Adds the TV Addict: Considering I fell asleep through the first
glorified toy commercial movie, I have a feeling that I’m not exactly in Michael Bay’s target demographic (read: twelve year olds with too much time on their hands)
ANGELS & DEMONS
Says the REEL Addict: It’s a tell tale sign that when watching this hum-ho promo spot (for a pseudo-sequel to DA VINCI CODE that I’m not sure anyone really wanted), the only reaction it elicited out of me was: “Ewan McGregor is in this?”
Adds the TV Addict: While I’m not exactly running to see Ron Howard’s DA VINCI CODE follow-up, I’m going to at least applaud the man for putting Tom Hank’s hair back to normal. Seriously, what were they thinking?
FAST & FURIOUS
Says the REEL Addict: As someone who actually digs the original, I do sort of welcome the return of the original cast. I’m even sort of okay with the blatant attempt to exponentially boost the action, cars are flying everywhere factor. Besides, you have to love the cheeky tag line at the end, reminding us that this is a “new model, original parts.” Makes me think this movie knows what it is, and is okay with it. Except for the fact that it’s so embarrassed it’s a fourth installment it ditches anything that could make you think that.
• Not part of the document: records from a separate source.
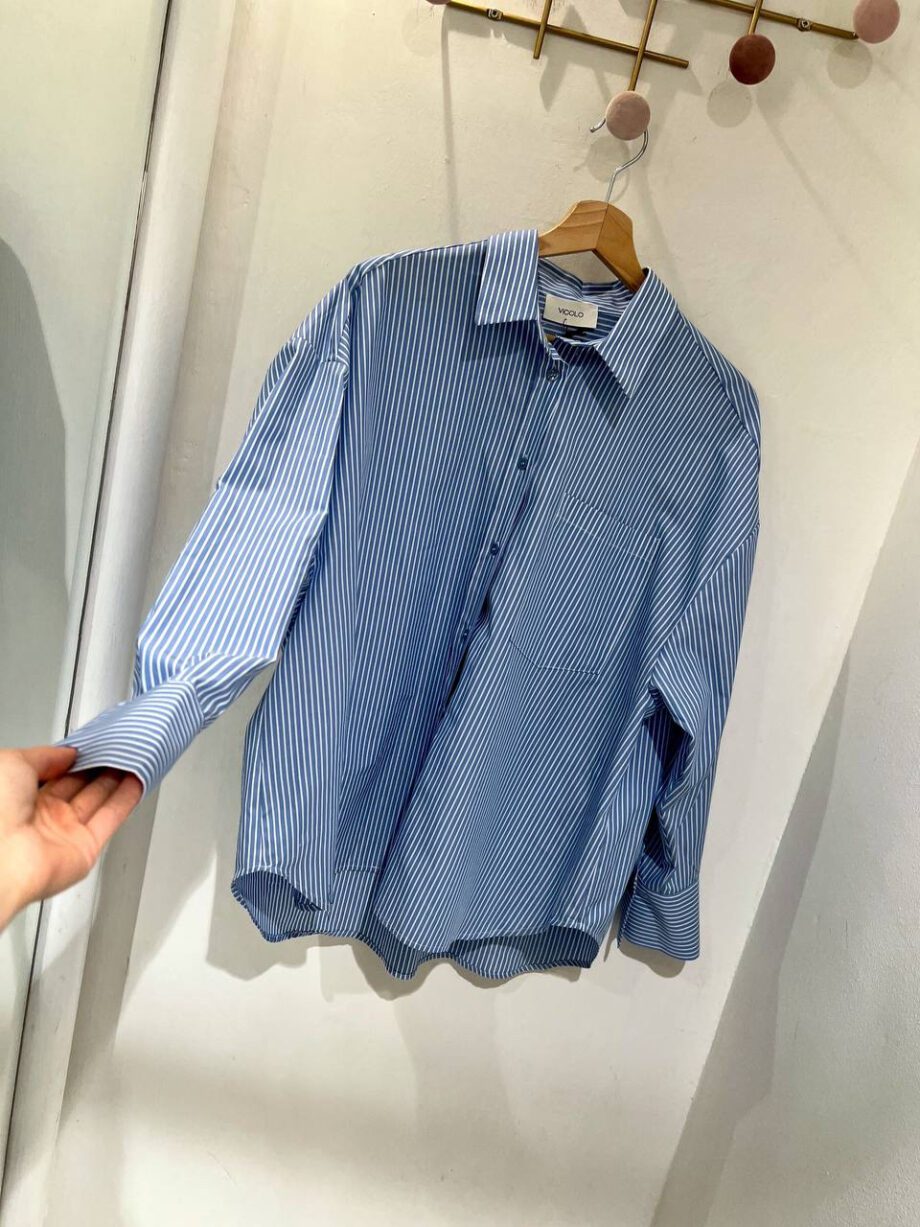 Shop Online Camicia over a righe azzurra Vicolo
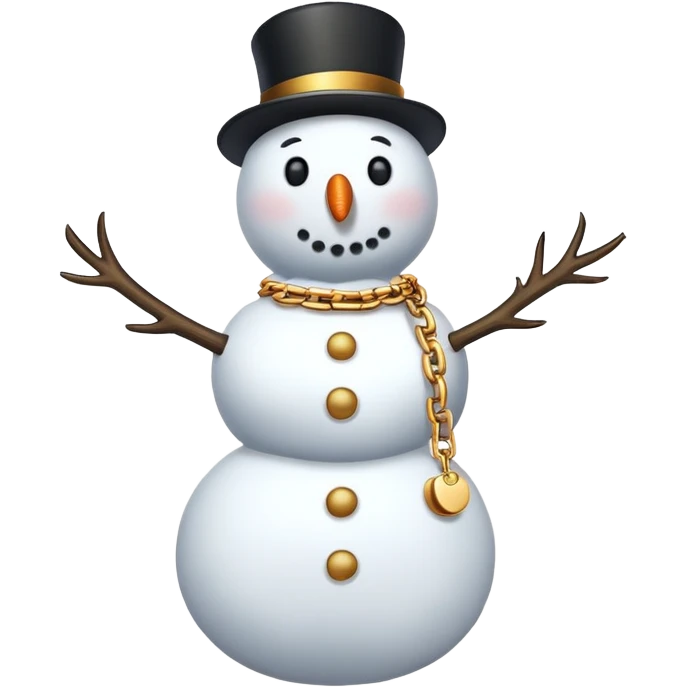 Drug dealer snow man wearing gold chains  emoji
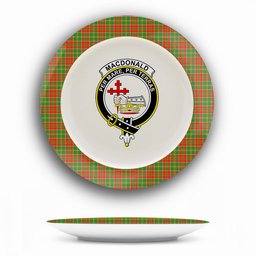 ScotsTee Shop Scottish MacDonald of Kingsburgh Ancient Crest Tartan Ceramic Plate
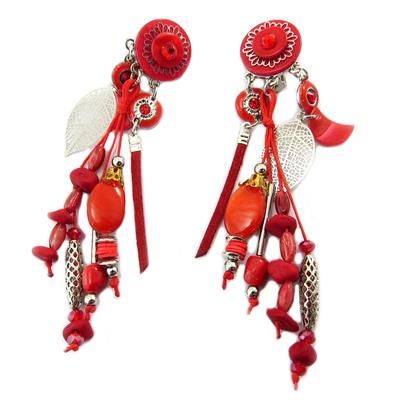 [P3939] - Red 'Lilipoupettes' Designer Clips - 10.5 Cm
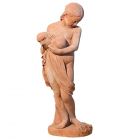 Impruneta Terracotta, Innocenza - Odoardo Fantacchiotti, Statue Mädchen mit Welpe, Skulptur, Figur, Gartendekoration
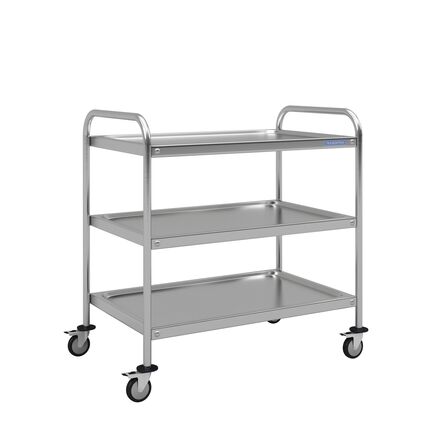 Carro Auxiliar em Aço Inox com 3 Planos Tramontina, 830x530 mm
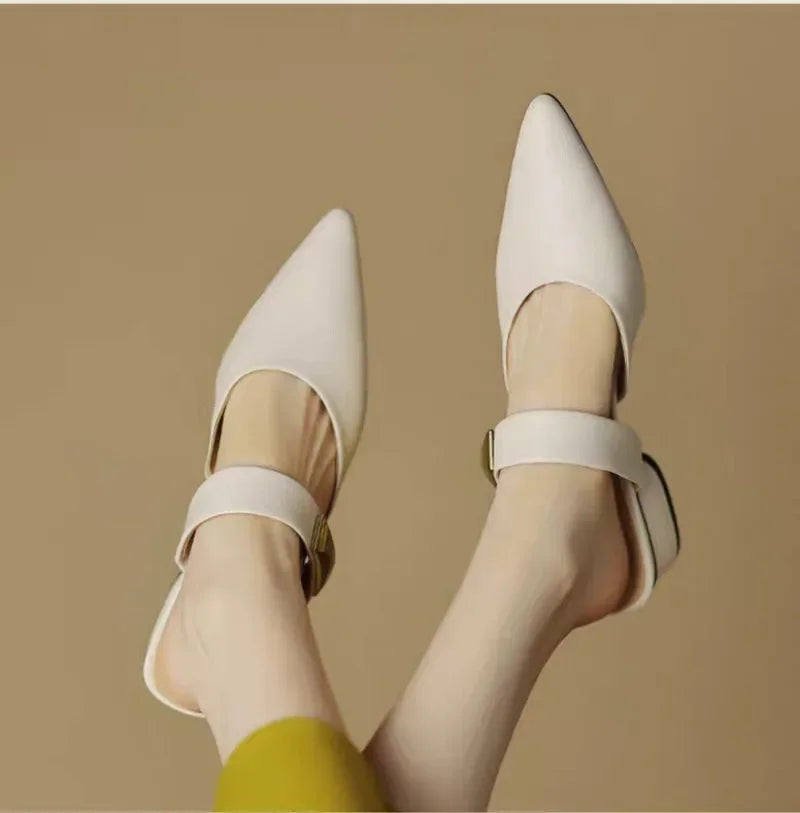 Shoes for Women 2024 Summer New Fashion Pointed Solid Simple Half Women's Slippers Comfortable Outside Leather Shoes Female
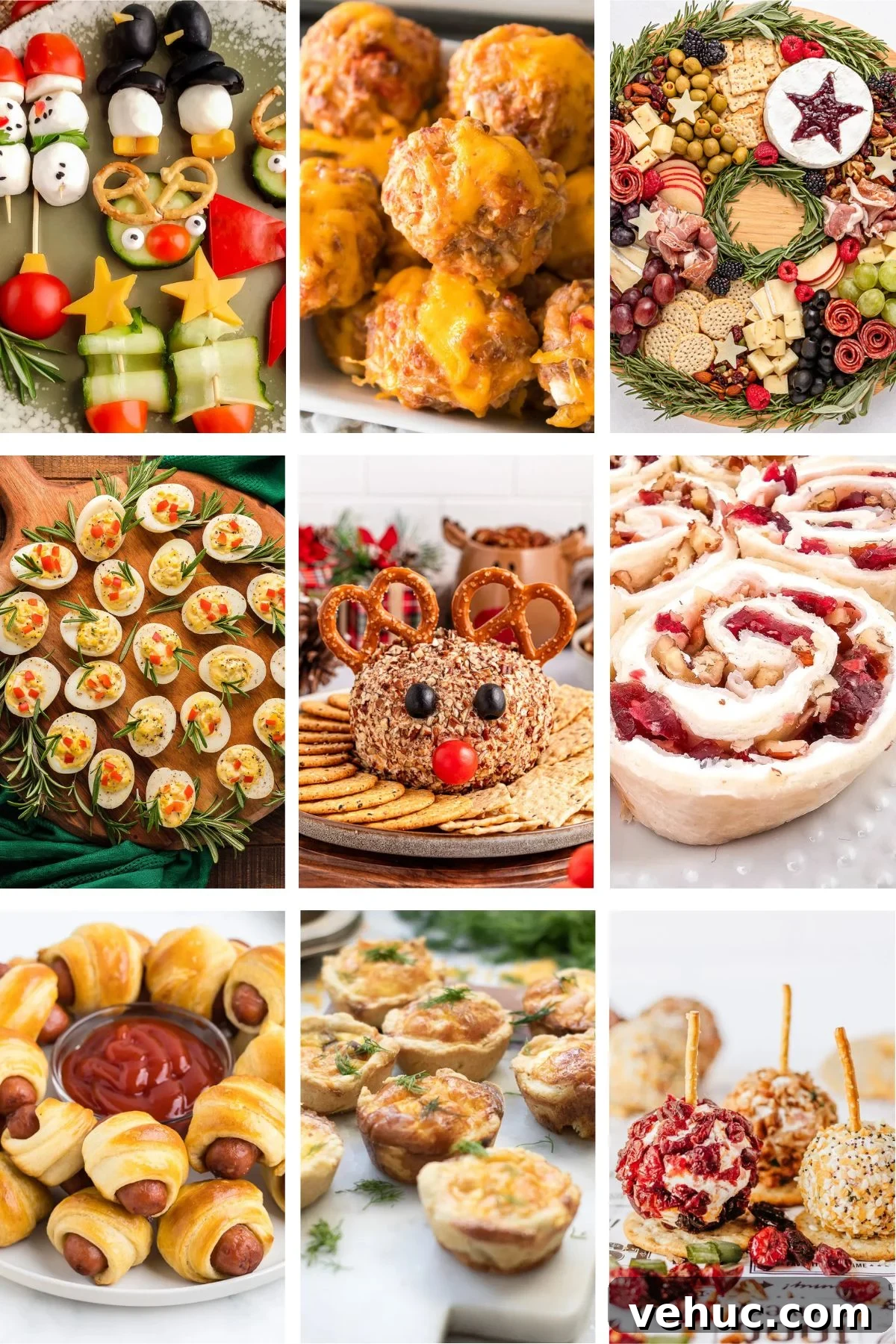 Christmas Brunch Finger Foods to Impress Guests 2 Photo collage with Christmas brunch finger food ideas.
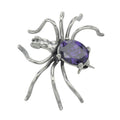 Amethyst, sterling silver brooches / pins, front view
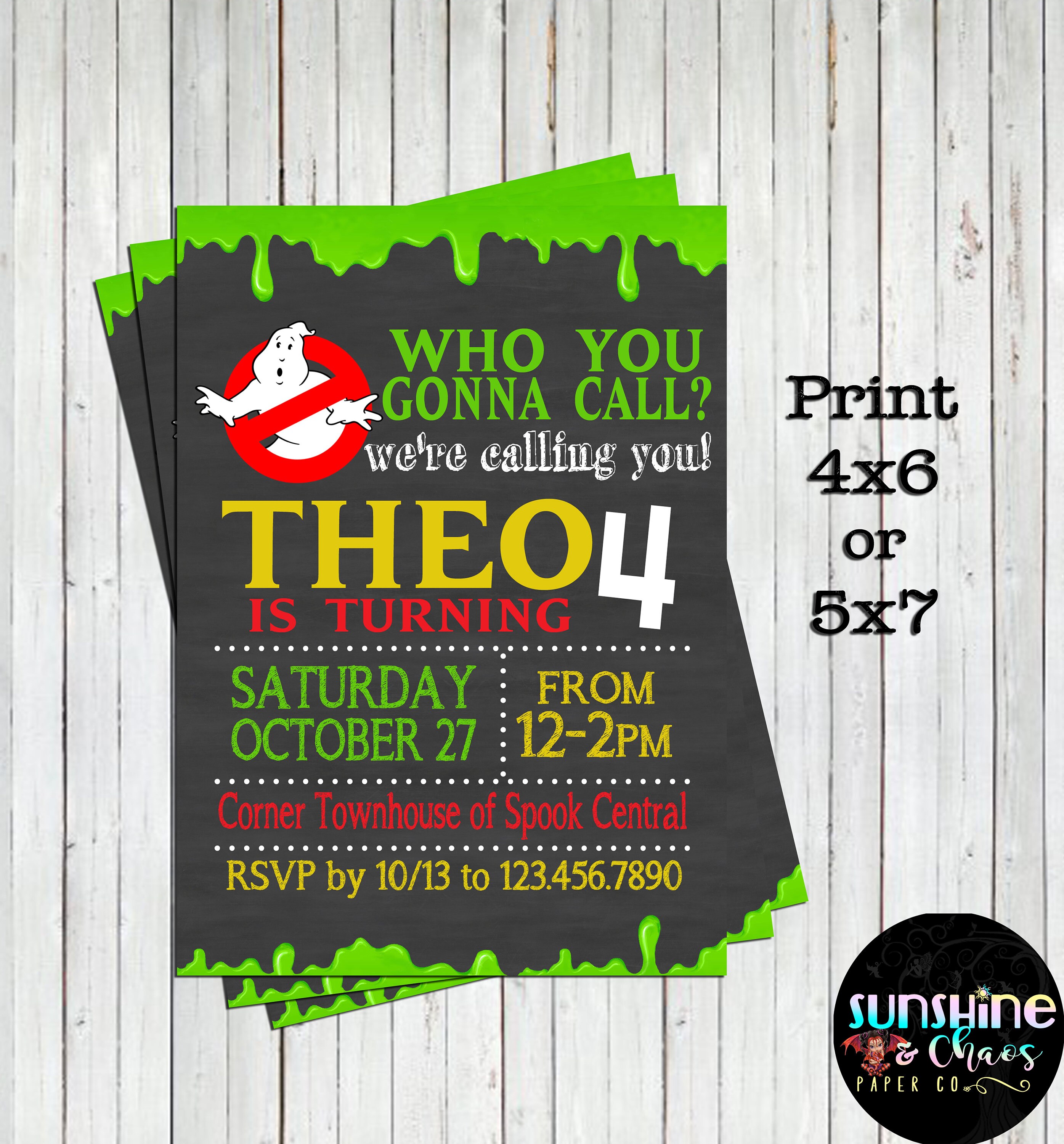 Ghostbusters Invitation Ghostbusters Invite Ghostbusters Etsy
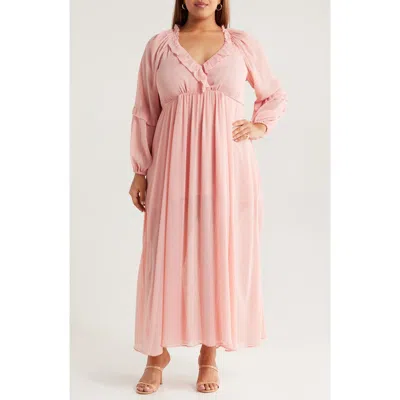 Socialite Metallic Floral Print Long Sleeve Maxi Dress In Pink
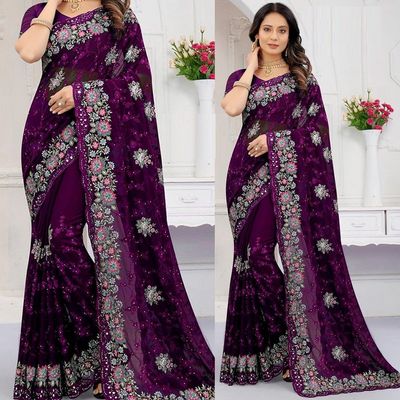 Embroidery Work Party saree_img_8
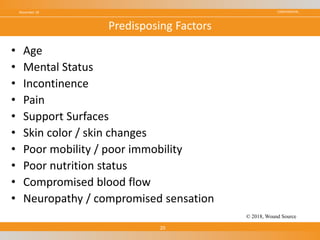 CONFIDENTIAL
• Age
• Mental Status
• Incontinence
• Pain
• Support Surfaces
• Skin color / skin changes
• Poor mobility / poor immobility
• Poor nutrition status
• Compromised blood flow
• Neuropathy / compromised sensation
November 18
20
Predisposing Factors
© 2018, Wound Source
 
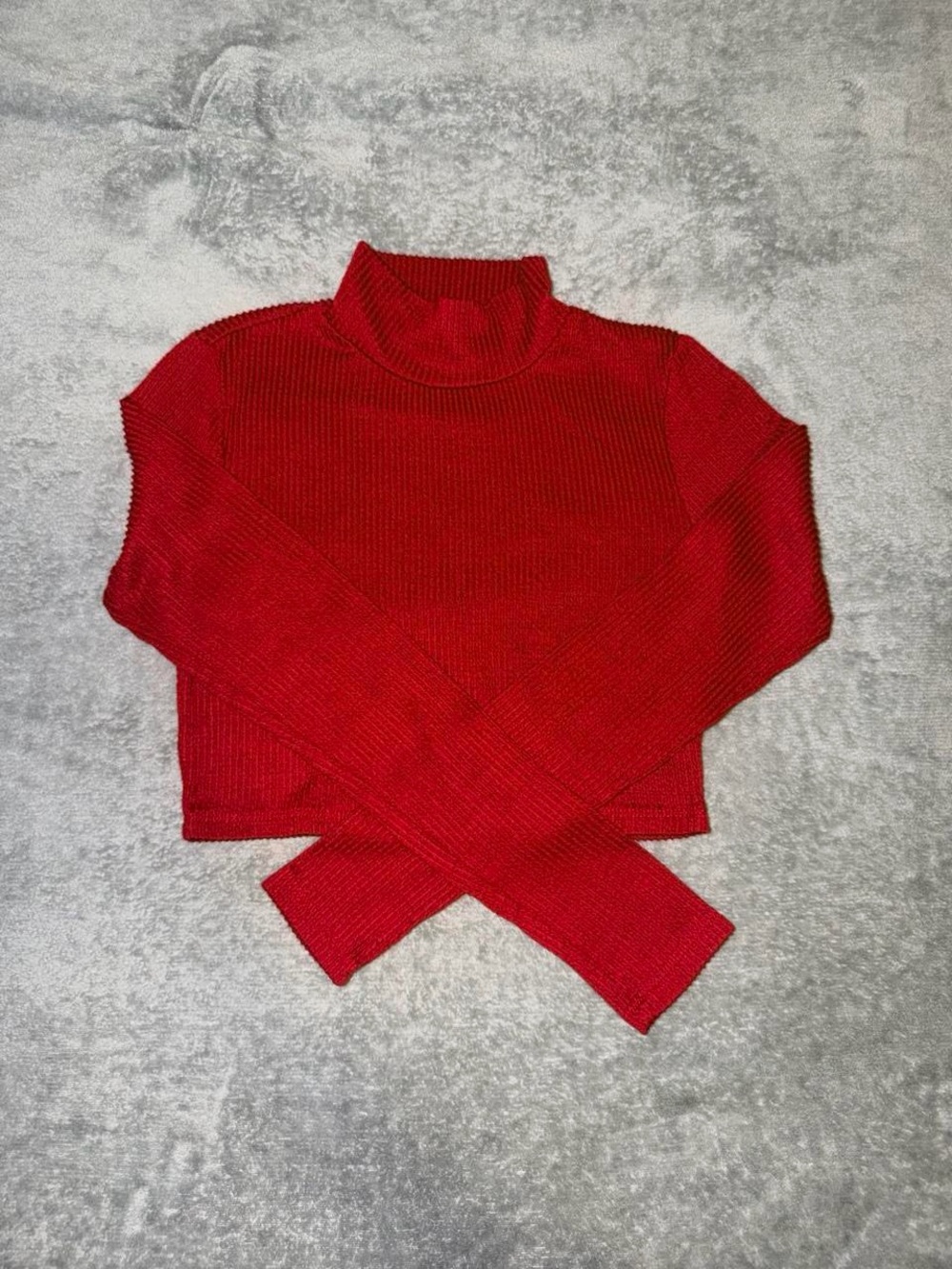 Forever 21 Red Ribbed Cropped Turtleneck Sweater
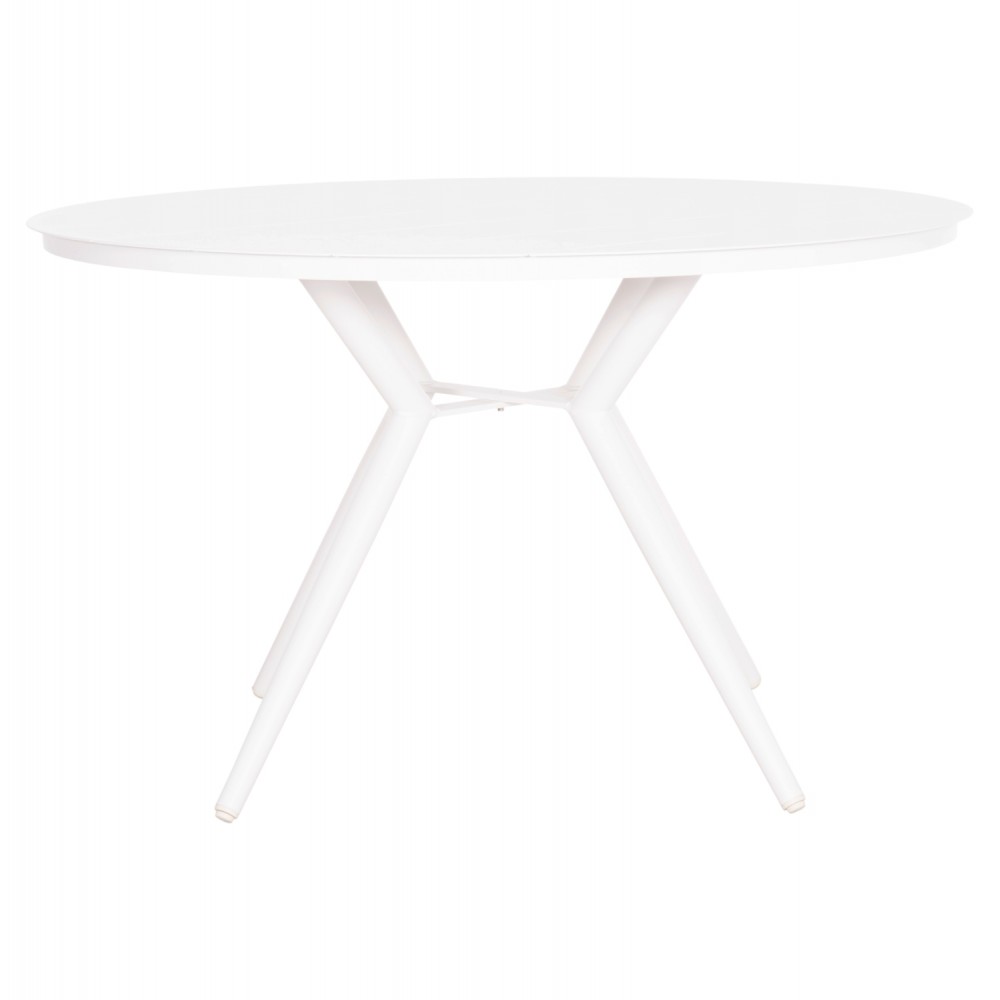 Τραπέζι εξωτερικού χώρου "HIGER" από αλουμίνιο σε χρώμα λευκό Φ126x74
Adds the TV Addict: Of course the big question remains, will I really be able to pick up on all the underlining themes and appreciate this fourth installment having missed movies one through three?
LAND OF THE LOST
Says the REEL Addict: I don’t know, call me mean, but based on this brief glimpse this look about as good as the special effects on that T-Rex (and that’s despite the fact that I know it’s supposed to be a little bad/funny/campy looking). Then again maybe I’m just bitter I couldn’t see more of the adorable Anna Friel and disgruntled that Matt Lauer seems to be in every film these days.
Adds the TV Addict: Will Ferrell playing a variation of the same character he’s delivered for the better part of a decade. Count us out.
Says the REEL Addict: Largely this promo isn’t nearly as funny as it thinks it is, but the hunter vs. maker conversation and Paul Rudd’s delivery of “Hey, did you shoot my cow?” make it worth checking out. That, and seeing Michael Cera, Jack Black, David Cross and Paul Rudd in a scene together. (Well, okay, maybe not Jack Black).
Adds the TV Addict: Michael Cera, Jack Black, David Cross and Paul Rudd, count us in.
RACE TO WITCH MOUNTAIN
Says the REEL Addict: You know, I don’t know if it’s because it seems like this movie (and The Rock) is trying way too hard, or if it’s so disjointed or out there with its alien story, but something about this just isn’t doing it for me. The Rock’s non-sequesters don’t help either.
Adds the TV Addict: Count us among the many who have undoubtedly wondered why Dwayne “The Rock” Johnson sold his soul to the Disney corporation.